Gli ebrei di Saint Martin Vesubie (photo Puntosanremo) |
di ILARIA PAPA
Racconta
Liliana Segre, nel suo libro
"Sopravvissuta ad Auschwitz" (2005), un fatto che
cambiò il corso della sua vita: quando, bambina, il 7 dicembre
del 1943, tenendo per mano suo padre, passò il confine
italo-svizzero attraverso un buco della rete di recinzione. La
gioia di trovarsi sul suolo svizzero – una terra neutrale che
avrebbe potuto offrire salvezza a quel piccolo gruppo che, come altri
gruppi di ebrei, antifascisti, renitenti alla leva, cercava scampo in
quel periodo tra i sentieri di montagna – fu presto interrotta
dalle guardie di confine svizzere. Scrive Liliana:
Infatti,
al comando di polizia, dopo una lunga attesa – senza dirci una
parola, senza darci un bicchiere d'acqua né un pezzo di pane –
l'ufficiale di turno ci condannò a morte. Ci trattò con disprezzo
estremo, disse che eravamo degli imbroglioni, che la Svizzera era
piccola e non c'era posto per noi. Ci rimandava indietro.
Delle
quattro persone che costituivano quel gruppetto - Liliana, di tredici
anni, suo padre e due cugini, finiti in campo di concentramento
nazista per essere stati "rimandati indietro" da quel
comandante rimasto senza nome e poi arrestati dai finanzieri italiani -
solo Liliana sopravvisse. Io non morii, solo per caso,
scrive.
Guardando
ad altre storie, ci si rende conto di quanto le vie scelte/percorse
nei momenti di pericolo da chi fugge, come pure
i singoli avvenimenti e incontri su quelle vie (con passeurs,
militari, politici, medici, funzionari, persone comuni), possano
fare la differenza fra la vita e la morte in certe
circostanze. Migliaia di persone,
a quel tempo, furono tradite, denunciate, abbandonate.

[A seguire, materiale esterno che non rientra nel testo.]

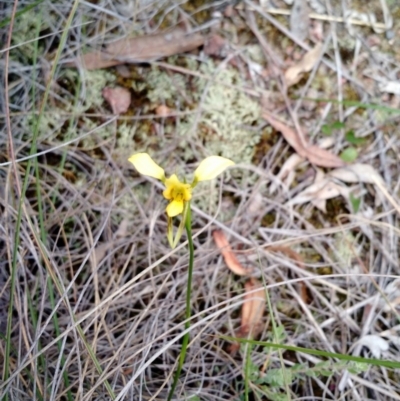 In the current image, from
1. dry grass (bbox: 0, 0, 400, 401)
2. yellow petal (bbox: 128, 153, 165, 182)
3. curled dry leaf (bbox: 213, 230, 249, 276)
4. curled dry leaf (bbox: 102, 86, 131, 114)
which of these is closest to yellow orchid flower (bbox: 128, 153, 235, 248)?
yellow petal (bbox: 128, 153, 165, 182)

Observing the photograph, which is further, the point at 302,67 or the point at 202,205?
the point at 302,67

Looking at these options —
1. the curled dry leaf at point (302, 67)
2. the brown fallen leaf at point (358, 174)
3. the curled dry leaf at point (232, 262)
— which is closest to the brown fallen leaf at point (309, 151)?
the brown fallen leaf at point (358, 174)

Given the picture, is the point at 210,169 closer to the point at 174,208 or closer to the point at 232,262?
the point at 174,208

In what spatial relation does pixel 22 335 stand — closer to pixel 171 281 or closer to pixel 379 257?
pixel 171 281

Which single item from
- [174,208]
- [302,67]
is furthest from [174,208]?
[302,67]

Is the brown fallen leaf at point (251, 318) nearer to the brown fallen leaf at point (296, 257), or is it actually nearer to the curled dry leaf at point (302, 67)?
the brown fallen leaf at point (296, 257)

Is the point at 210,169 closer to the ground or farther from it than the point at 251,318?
farther from it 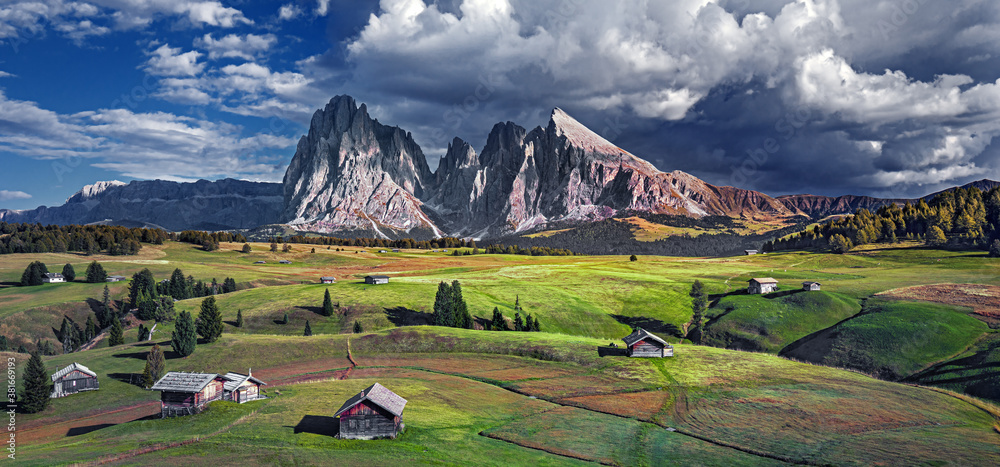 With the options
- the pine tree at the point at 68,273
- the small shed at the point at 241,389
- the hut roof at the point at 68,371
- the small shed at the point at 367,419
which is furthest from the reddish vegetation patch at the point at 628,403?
the pine tree at the point at 68,273

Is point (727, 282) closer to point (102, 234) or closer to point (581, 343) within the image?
point (581, 343)

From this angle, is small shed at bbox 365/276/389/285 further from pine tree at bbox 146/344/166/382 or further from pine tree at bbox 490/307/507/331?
pine tree at bbox 146/344/166/382

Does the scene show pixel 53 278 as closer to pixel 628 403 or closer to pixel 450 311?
pixel 450 311

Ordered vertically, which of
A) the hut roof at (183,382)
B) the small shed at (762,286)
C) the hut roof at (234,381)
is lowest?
the hut roof at (234,381)

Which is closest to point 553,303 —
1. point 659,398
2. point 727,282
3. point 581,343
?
point 581,343

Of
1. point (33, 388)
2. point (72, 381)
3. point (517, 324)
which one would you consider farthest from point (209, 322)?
point (517, 324)

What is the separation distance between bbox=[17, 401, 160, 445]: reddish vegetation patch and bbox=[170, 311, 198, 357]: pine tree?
2055cm

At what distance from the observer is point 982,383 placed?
63312 millimetres

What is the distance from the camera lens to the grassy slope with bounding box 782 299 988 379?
246ft

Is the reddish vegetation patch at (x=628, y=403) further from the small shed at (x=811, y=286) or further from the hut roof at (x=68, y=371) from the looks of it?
the small shed at (x=811, y=286)

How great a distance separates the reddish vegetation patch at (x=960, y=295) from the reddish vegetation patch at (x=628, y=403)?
72111 mm

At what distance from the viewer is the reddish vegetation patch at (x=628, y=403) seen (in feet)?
169

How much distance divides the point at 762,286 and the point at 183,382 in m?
116

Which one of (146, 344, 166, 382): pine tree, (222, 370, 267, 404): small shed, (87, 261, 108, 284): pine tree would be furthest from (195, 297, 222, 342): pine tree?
(87, 261, 108, 284): pine tree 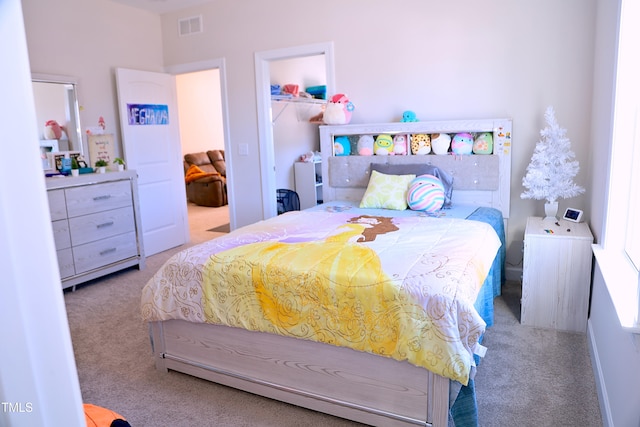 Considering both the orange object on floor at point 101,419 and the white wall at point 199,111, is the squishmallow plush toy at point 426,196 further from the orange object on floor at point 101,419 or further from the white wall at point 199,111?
the white wall at point 199,111

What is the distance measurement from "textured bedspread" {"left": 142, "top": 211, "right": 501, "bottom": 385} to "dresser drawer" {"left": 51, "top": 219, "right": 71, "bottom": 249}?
175 centimetres

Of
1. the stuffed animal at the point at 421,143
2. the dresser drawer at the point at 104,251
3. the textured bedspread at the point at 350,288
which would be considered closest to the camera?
the textured bedspread at the point at 350,288

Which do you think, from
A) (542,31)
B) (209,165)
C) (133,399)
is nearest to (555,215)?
(542,31)

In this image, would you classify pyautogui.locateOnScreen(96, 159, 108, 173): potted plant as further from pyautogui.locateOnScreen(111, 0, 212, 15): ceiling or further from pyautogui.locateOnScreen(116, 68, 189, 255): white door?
pyautogui.locateOnScreen(111, 0, 212, 15): ceiling

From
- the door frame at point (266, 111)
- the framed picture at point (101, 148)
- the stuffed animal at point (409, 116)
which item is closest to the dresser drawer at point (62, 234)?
the framed picture at point (101, 148)

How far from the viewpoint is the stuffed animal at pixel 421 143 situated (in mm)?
3795

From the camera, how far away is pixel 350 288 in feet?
6.36

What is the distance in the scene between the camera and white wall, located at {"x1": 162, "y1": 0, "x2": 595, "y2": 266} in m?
3.32

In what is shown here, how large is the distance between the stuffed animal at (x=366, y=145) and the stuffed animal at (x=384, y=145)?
62mm

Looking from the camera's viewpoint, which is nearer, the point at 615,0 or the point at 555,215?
the point at 615,0

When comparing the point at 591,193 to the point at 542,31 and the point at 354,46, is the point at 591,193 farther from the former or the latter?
the point at 354,46

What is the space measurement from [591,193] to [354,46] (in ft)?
7.56

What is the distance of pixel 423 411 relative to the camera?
72.6 inches

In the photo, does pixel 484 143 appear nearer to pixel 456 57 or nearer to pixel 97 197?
pixel 456 57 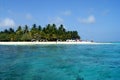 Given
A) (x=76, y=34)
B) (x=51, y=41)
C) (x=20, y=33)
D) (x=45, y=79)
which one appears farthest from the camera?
(x=76, y=34)

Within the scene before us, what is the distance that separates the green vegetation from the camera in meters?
112

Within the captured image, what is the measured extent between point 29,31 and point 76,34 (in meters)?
32.5

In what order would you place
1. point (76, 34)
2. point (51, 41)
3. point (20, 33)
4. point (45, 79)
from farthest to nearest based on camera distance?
point (76, 34) < point (51, 41) < point (20, 33) < point (45, 79)

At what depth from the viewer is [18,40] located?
116m

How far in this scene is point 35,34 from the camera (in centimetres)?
11119

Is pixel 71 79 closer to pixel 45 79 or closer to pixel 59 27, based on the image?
pixel 45 79

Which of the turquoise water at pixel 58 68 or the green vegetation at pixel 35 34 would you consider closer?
the turquoise water at pixel 58 68

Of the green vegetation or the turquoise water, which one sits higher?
the green vegetation

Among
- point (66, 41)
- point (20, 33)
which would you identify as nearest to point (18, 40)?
point (20, 33)

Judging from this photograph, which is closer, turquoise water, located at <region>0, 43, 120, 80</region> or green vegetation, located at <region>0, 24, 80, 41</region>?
turquoise water, located at <region>0, 43, 120, 80</region>

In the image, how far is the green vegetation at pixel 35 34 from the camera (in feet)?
367

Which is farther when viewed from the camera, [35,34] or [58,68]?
[35,34]

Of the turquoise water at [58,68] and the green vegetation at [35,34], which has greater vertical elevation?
the green vegetation at [35,34]

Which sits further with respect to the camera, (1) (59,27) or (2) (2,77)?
(1) (59,27) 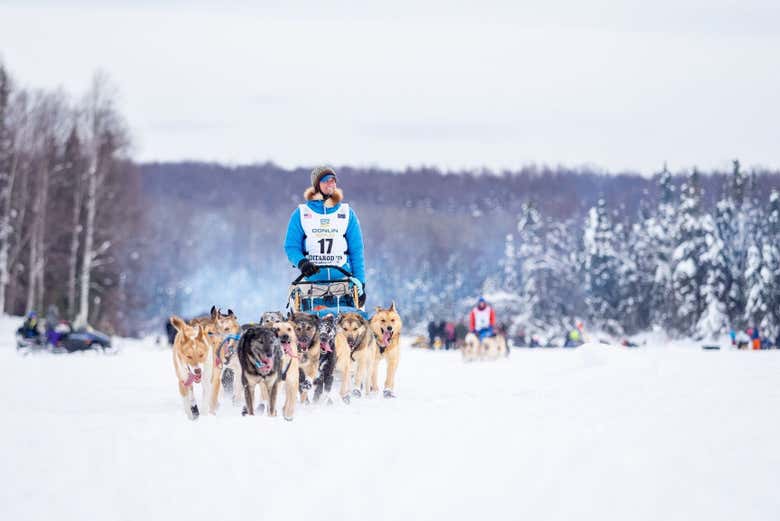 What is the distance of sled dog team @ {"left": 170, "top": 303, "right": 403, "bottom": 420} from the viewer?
23.3 ft

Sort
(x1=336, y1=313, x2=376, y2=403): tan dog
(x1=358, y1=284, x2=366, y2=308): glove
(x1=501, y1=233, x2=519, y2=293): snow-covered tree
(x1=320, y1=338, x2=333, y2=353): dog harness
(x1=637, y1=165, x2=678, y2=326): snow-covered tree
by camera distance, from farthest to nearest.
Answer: (x1=501, y1=233, x2=519, y2=293): snow-covered tree < (x1=637, y1=165, x2=678, y2=326): snow-covered tree < (x1=358, y1=284, x2=366, y2=308): glove < (x1=336, y1=313, x2=376, y2=403): tan dog < (x1=320, y1=338, x2=333, y2=353): dog harness

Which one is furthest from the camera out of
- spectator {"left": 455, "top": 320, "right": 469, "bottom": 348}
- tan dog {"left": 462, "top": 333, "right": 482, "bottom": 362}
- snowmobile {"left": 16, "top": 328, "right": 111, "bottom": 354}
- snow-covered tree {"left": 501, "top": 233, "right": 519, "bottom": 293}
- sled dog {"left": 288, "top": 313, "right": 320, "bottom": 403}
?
snow-covered tree {"left": 501, "top": 233, "right": 519, "bottom": 293}

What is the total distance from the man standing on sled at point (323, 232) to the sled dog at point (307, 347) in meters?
0.68

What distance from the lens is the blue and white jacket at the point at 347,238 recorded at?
8.75 metres

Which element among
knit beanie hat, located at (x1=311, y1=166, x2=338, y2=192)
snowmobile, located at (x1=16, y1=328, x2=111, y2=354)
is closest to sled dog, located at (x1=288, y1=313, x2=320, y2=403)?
knit beanie hat, located at (x1=311, y1=166, x2=338, y2=192)

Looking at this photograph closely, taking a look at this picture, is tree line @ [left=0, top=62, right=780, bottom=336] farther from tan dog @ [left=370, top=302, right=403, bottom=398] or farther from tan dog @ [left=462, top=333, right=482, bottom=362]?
tan dog @ [left=462, top=333, right=482, bottom=362]

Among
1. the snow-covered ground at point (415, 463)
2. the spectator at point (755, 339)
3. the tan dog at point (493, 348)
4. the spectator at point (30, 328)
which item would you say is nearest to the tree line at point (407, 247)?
the snow-covered ground at point (415, 463)

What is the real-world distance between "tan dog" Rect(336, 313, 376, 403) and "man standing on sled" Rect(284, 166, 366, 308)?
376mm

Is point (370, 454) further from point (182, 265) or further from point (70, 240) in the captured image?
point (182, 265)

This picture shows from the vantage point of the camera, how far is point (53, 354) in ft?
79.6

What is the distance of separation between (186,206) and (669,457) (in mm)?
115196

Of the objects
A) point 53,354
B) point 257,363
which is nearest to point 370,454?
point 257,363

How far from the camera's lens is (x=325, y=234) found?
28.7 feet

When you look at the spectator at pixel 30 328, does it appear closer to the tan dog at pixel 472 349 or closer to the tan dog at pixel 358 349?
the tan dog at pixel 472 349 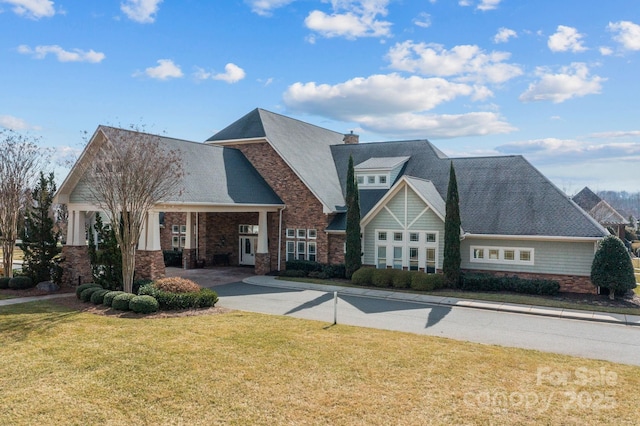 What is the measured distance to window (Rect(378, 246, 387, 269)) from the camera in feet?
83.3

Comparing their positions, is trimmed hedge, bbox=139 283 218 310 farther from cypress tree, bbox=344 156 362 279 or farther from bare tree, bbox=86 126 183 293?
cypress tree, bbox=344 156 362 279

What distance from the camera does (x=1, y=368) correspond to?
1032cm

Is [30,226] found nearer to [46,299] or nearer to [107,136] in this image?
[46,299]

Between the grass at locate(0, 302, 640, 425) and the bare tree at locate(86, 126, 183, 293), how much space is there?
472 centimetres

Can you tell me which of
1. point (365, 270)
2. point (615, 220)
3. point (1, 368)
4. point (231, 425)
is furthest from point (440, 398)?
point (615, 220)

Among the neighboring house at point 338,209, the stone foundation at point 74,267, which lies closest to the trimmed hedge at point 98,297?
the neighboring house at point 338,209

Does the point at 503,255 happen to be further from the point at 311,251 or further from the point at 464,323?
the point at 311,251

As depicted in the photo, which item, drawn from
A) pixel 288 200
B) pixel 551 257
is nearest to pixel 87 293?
pixel 288 200

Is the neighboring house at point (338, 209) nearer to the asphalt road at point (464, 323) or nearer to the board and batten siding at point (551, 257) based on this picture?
the board and batten siding at point (551, 257)

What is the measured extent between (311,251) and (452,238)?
28.9ft

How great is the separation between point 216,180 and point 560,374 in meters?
19.6

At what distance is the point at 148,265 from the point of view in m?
20.0

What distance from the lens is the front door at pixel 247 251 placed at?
31.8m

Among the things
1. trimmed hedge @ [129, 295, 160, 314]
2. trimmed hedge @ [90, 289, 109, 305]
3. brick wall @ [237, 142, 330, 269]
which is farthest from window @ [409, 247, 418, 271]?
trimmed hedge @ [90, 289, 109, 305] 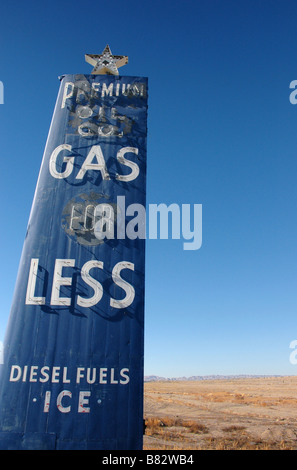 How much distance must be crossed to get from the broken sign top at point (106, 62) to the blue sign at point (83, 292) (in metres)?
1.85

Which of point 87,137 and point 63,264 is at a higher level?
point 87,137

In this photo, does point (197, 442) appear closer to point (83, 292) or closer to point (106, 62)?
point (83, 292)

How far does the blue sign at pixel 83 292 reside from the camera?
8.60 m

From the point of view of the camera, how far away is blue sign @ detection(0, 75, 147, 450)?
8.60 metres

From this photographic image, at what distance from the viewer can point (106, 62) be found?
14586mm

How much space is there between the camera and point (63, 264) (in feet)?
33.7

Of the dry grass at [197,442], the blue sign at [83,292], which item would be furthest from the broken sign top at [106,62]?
the dry grass at [197,442]

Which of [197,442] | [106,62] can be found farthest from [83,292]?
[197,442]

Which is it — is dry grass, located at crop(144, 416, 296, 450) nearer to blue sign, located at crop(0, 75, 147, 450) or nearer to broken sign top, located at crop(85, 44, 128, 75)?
blue sign, located at crop(0, 75, 147, 450)

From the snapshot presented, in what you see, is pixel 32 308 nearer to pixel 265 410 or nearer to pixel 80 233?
pixel 80 233

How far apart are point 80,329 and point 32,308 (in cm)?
166

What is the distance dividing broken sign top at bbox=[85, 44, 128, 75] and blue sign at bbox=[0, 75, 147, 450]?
6.08ft

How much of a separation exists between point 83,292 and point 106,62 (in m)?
10.9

Altre ebbero un destino differente e si salvarono, superando inosservate
lo stesso confine: tra gli ebrei, circa 6000 riuscirono a
passare. Solo per quanto riguarda la Svizzera, tra la seconda guerra
mondiale al 1943, trovarono rifugio circa 40000 italiani in fuga dal
fascismo, tra cui non pochi intellettuali che contribuirono alla
rinascita dell'Italia nel dopoguerra. Tra essi, Ignazio Silone
(finito anche in carcere per attività antifascista e per aver
violato la neutralità svizzera), Giansiro Ferrata (che da lì
progettava libri da pubblicare una volta finita la guerra, tra cui le
prime traduzioni italiane di Hemingway), Franco Fortini, Dante
Isella, Alberto Mondadori, Diego Valeri, Giorgio Strehler, Luigi
Einaudi, Gianfranco Contini, Ernesto Rossi.
Quanto
a Liliana Segre, oggi senatrice a vita, è stata anche testimone,
come coloro che trovarono una diversa accoglienza in quello stesso
Paese che l'aveva respinta, della storia che cambiava: Auschiwtz
abbandonata dai nazisti, e poi l'Europa liberata.
La
stessa Europa oggi, ottant'anni dopo quei fatti,
sembra aver smarrito gran parte del senso più profondo di quelle
storie e di quei percorsi. Da una parte, sembra
voler tenere in mano il filo e il legame con quel passato
doloroso, per non perderlo, perché
non accada mai più.
Si moltiplicano iniziative per la memoria delle persecuzioni naziste
e fasciste - non solo contro gli ebrei, ma anche contro i rom - della
repressione di migliaia di vite umane, solo perché, per qualche
ragione, classificate come diverse
da
un regime politico predatorio.
È, per esempio, encomiabile il progetto dei Nomi della Shoah in cui sono pubblicati i nomi e le foto di 7000 persone, inclusi
bambini, vittime della persecuzione e inghiottite dalla storia.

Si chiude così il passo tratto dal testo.